The defense argued that testimony about the gunshot residue was not a “valid science” and should not be used in this trial. They also said the amount of gunshot primer residue found on Flowers’ hand was too insignificant to be used in this trial.

Loper said he was “satisfied” that gunshot residue is considered “scientific data,” following the testimony of David Ballash, a firearms expert, on Saturday. Loper also said that in the three cases where Flowers’ case went before the Mississippi Supreme Court, the issue of gunshot residue was never challenged by the Court, therefore, he said, “I have every faith and confidence in the Mississippi Supreme Court,” and if there was an issue with the gunshot residue they would have mentioned it.

The defense also asked Judge Loper to recuse himself from this trial due to the 2008 trial, also held in Montgomery County, that resulted in the arrest of two jurors for perjury.

The defense argued that since Loper was personally involved in that case witnessing the perjury and having the jurors arrested, he was thereby biased in this case.

Loper said he was not and denied that motion.

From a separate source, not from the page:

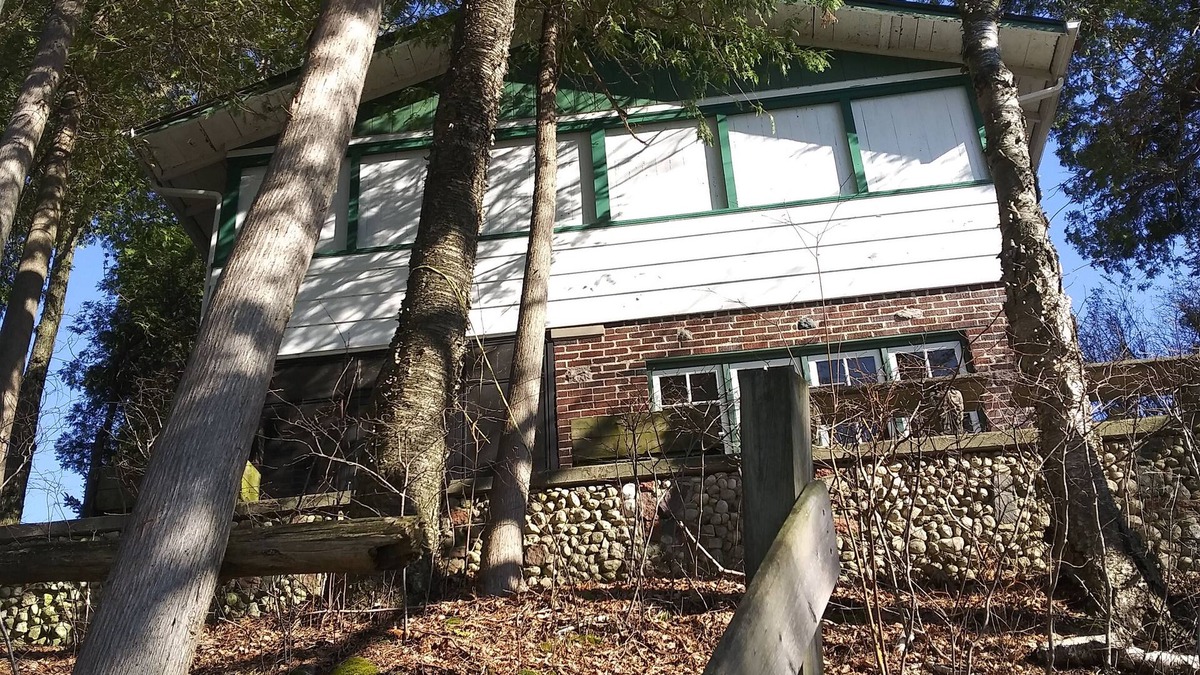 Cascade House | RYDER CUP WISCONSIN LAKEFRONT HOUSE WITH ROOM FOR 12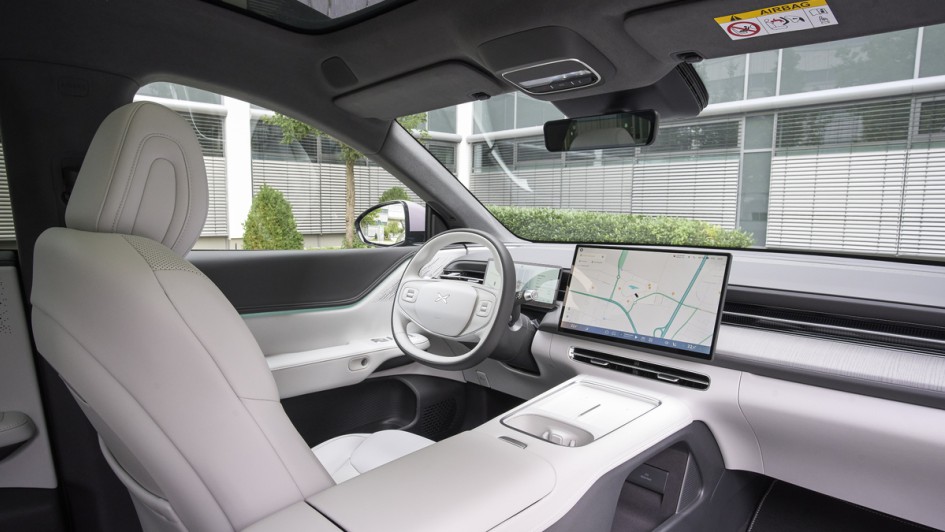 Gesamtansicht des Xpeng G6-Cockpits mit weißem Nappaleder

Later that morning, as the defense sought to discredit witnesses who claimed they saw Flowers either near or around the area of Tardy Furniture the morning of the murders, some witnesses replied with frankness and hostility, causing Judge Loper to instruct one witness to say nothing further to defense attorney Allison Steiner.

Mary Jeanette Flemming testified that she dropped her car at Weed Brothers about 9 a.m., on July 16, 1996, and on her way home, she saw Flowers. Weed Brothers is located right behind Tardy Furniture store in Winona.

Flemming testified that she had known Flowers for years and they walked side by side down the street.

Flemming said when she saw him, Flowers had on brown pants, a white shirt and a gray jacket. When cross-examined by the defense, Allison Steiner, Flemming maintained that he was wearing brown pants.

Steiner then had Flemming to read her testimony out loud from a previous trial’s transcripts where she stated that Flowers had on black pants when she saw him. Flemming insisted that it was written down wrong and that Flowers was wearing brown pants.

When Steiner asked Flemming about the $30,000 reward offered for information in the Tardy slayings, Flemming said her coming forward “was not about money. Money don’t faze me,” she said. “I don’t do things for money.”

When Steiner asked Flemming if she had ever sued her employer for workman’s compensation, Flemming said no. Steiner also asked Flemming if she was receiving disability or a Social Security check. Flemming became angry and told Steiner to “stay out of her business, that‘s my business” and “don’t ever come at me like that again.”

Judge Loper told Flemming not to speak again in court until after he had made his ruling.

When Steiner produced Flemming’s medical records, to which District Attorney Doug Evans objected, she asked Flemming if she had secured a law firm to file a workman’s compensation claim against her former employer. After Flemming saw the medical records she said “she remembered that she did.”

Steiner also asked Flemming if she had ever been hospitalized, Flemming said it was not because she was “crazy,” but because she had two back surgeries.